Have you ever had an idea that you were really excited about? So you took it to your boss and laid it out for him. You know it is a good idea that will improve efficiency and save the company money. But then…. his response is, “Well, put that in a memo and I’ll look at it later.” Dismissed. Not a very good feeling is it? Disdain or dismissiveness can be defined as: “reacting to something in a way that shows you do not think it is worth paying attention to.”
This disdain or dismissiveness is one of the very common tactics of the abuser toward his victim. Most of our readers know exactly what we are talking about and could give all kinds of examples. Abusers regularly treat their victim as someone who is not worth even paying attention to. Someone who has no value. Whose ideas are worthless and stupid. Contemptuous.
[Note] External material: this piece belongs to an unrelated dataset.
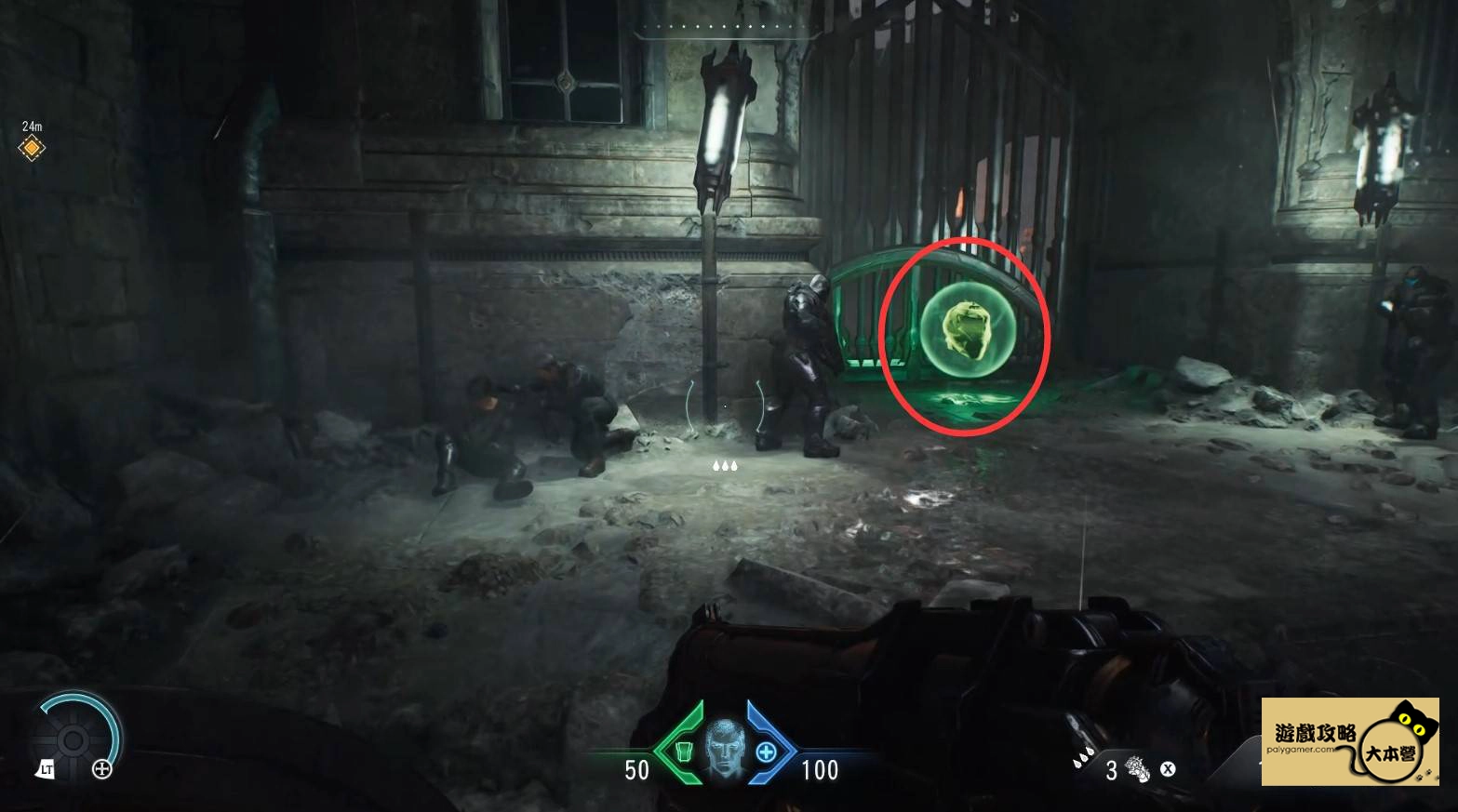 為什麼《毀滅戰士:黑暗時代》DOOM: The Dark Ages全流程圖文攻略|22 章節全通關技巧 + 收集要素一次掌握!-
This is much different than merely disagreeing with someone’s suggestion. Honest disagreement with an idea still operates with the assumption that the person making the suggestion is worth listening to. That their ideas have value, because they have value. But abusers want to instill a sense of worthlessness in their victim. So, even a very excellent idea or suggestion will be dismissed and even mocked. Often, this ends up being to the abuser’s own harm, but he is so driven by his desire to demean and thus disempower his victim that he become a fool. Many of you can tell stories of how your abusive husband undermined your successes, to his own detriment. You may have established a prospering business, but he saw to it that it failed. And he would have you believe that it was a stupid and worthless endeavor from the beginning. It wasn’t. In fact, it was just the opposite.
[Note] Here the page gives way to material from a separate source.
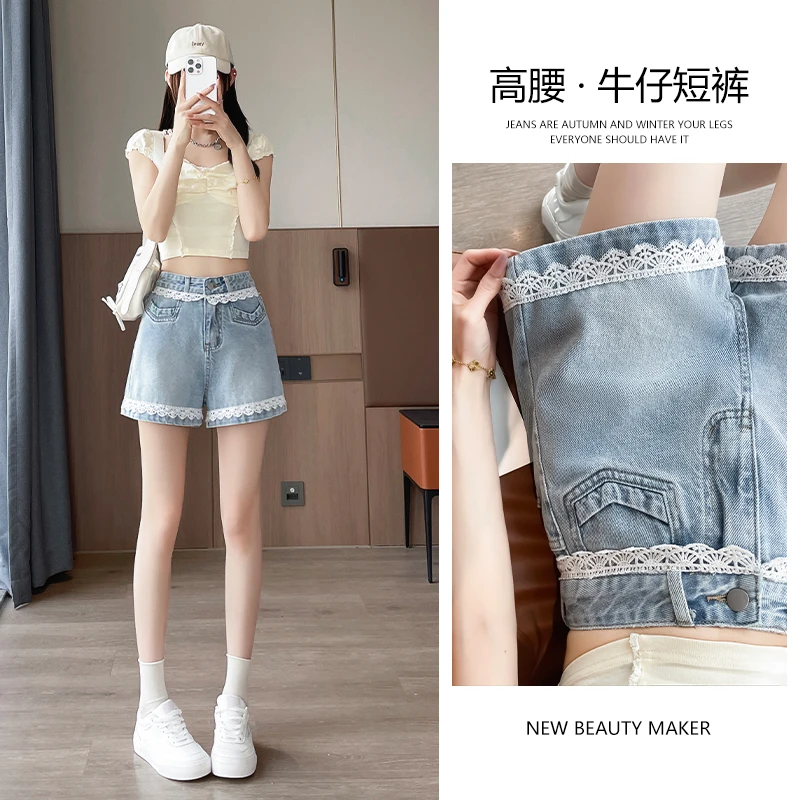 蕾丝边牛仔短裤女2025年夏季薄款高腰显瘦小众设计感a字短裤热裤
Dismissiveness is an evil, devilish sin. In fact, the Apostle Paul identifies it as the fundamental reason God’s wrath is set against man. This is what Paul says:
Romans 1:21-23 For although they knew God, they did not honor him as God or give thanks to him, but they became futile in their thinking, and their foolish hearts were darkened. (22) Claiming to be wise, they became fools, (23) and exchanged the glory of the immortal God for images resembling mortal man and birds and animals and creeping things.
See it? Man dismisses and disdains God. He knows God is God, but he refuses to honor Him as God or give thanks to Him. Man will sooner worship a tree than acknowledge the glory of God which the whole creation testifies to. And thus, God’s wrath.
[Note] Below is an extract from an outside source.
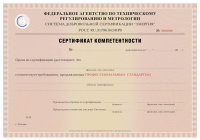Сертификация персонала в Костроме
I have met many abusers in the setting of the church. I have worked very hard, for example, in preparing a sermon or class lesson, only to have the entire thing “blown off” by an abusive person who makes it clear – sometimes in front of the whole class – that what I am saying is stupid. In the past, I have not always recognized their dismissiveness as a tactic. But I am getting wiser, and quicker to see it. It is one thing to have someone enter into an honest discussion of a particular point, or Scripture, or suggestion. It is quite another to have them dismiss your idea or opinion as unworthy of consideration. Which is really for them to dismiss YOU as unworthy of consideration. As always in the case of the abuser, the supposed issue is not the issue. The real issue is that the abuser is always seeking power and control. To obtain and maintain his power and control, he must necessarily demean his victim as a person.
Watch for this tactic. An honest discussion will always attribute at least some worth and credibility to the other person’s idea. It will regard them as a person worth listening to. An abusive discussion is no discussion. It is contemptuous of everything its object proposes. You can feel it. And it isn’t a good feeling. Perhaps we can now better understand why Jesus was so hard on anyone who dismisses the humanness of a human being –
Matthew 5:21-22 “You have heard that it was said to those of old, ‘You shall not murder; and whoever murders will be liable to judgment.’ (22) But I say to you that everyone who is angry with his brother will be liable to judgment; whoever insults his brother will be liable to the council; and whoever says, ‘You fool!’ will be liable to the hell of fire.